> **The task**
Give back exactly the lines of the entries below from the line with "همسرش؛ سال 95" to the line with "Foto 13 von 13", inclusive, and only those.

> **Available records**
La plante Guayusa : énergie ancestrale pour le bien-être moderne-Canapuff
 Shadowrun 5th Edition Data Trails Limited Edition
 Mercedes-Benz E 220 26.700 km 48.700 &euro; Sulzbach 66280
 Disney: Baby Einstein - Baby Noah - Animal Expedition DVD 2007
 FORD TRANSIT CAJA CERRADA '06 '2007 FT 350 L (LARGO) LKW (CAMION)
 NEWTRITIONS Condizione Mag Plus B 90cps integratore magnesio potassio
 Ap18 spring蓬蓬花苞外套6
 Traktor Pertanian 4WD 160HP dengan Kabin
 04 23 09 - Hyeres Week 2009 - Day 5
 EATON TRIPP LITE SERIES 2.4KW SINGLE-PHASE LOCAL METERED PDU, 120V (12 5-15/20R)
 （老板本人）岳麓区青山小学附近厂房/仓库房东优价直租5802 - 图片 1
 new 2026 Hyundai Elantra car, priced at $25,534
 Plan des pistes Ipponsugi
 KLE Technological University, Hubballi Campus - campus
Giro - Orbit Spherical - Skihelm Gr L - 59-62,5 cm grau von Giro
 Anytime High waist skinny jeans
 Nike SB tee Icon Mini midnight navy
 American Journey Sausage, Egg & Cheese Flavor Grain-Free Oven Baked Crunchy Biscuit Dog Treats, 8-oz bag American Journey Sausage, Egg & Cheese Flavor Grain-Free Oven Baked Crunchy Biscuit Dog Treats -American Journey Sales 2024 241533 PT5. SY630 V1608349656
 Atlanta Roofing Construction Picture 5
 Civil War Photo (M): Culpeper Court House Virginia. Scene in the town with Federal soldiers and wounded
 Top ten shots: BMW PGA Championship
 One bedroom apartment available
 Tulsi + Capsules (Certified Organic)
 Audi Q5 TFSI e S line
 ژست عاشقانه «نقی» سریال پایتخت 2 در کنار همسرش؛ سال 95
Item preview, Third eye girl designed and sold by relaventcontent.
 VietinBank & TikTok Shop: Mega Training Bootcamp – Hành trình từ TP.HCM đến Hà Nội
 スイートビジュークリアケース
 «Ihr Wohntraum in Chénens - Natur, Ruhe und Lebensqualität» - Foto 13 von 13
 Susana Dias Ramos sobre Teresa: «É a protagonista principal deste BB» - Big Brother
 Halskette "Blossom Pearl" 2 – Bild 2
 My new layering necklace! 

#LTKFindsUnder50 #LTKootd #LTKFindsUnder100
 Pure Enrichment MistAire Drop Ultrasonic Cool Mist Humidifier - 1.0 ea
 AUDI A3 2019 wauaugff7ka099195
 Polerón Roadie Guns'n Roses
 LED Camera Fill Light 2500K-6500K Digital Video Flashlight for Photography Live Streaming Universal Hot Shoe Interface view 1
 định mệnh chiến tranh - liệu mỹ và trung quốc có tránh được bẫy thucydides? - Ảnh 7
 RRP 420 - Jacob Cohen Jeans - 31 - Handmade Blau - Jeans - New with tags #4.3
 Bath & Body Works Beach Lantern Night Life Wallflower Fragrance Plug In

> **Solution for this problem**
 ژست عاشقانه «نقی» سریال پایتخت 2 در کنار همسرش؛ سال 95
Item preview, Third eye girl designed and sold by relaventcontent.
 VietinBank & TikTok Shop: Mega Training Bootcamp – Hành trình từ TP.HCM đến Hà Nội
 スイートビジュークリアケース
 «Ihr Wohntraum in Chénens - Natur, Ruhe und Lebensqualität» - Foto 13 von 13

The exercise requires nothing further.